• Data:

####################

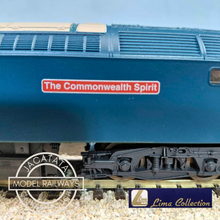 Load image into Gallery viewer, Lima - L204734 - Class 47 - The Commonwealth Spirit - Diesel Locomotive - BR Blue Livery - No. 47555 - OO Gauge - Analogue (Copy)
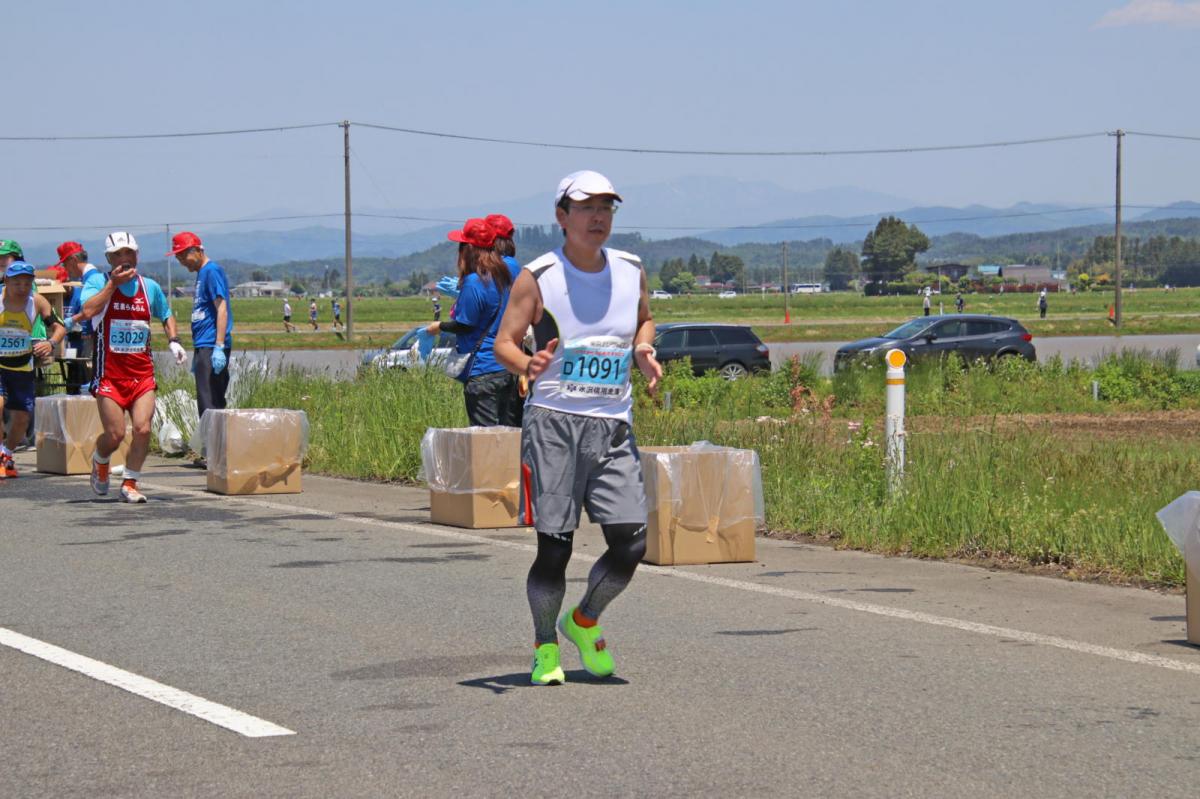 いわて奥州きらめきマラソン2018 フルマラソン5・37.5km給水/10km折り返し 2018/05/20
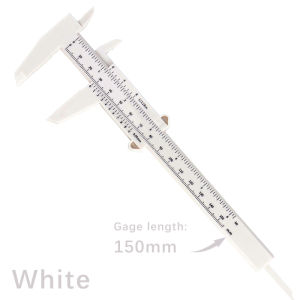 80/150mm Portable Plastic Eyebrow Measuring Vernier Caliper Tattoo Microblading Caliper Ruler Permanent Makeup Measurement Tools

####################

Please output each line above exactly and omit all images.

 Load image into Gallery viewer, Lima - L204734 - Class 47 - The Commonwealth Spirit - Diesel Locomotive - BR Blue Livery - No. 47555 - OO Gauge - Analogue (Copy)
 いわて奥州きらめきマラソン2018 フルマラソン5・37.5km給水/10km折り返し 2018/05/20
 80/150mm Portable Plastic Eyebrow Measuring Vernier Caliper Tattoo Microblading Caliper Ruler Permanent Makeup Measurement Tools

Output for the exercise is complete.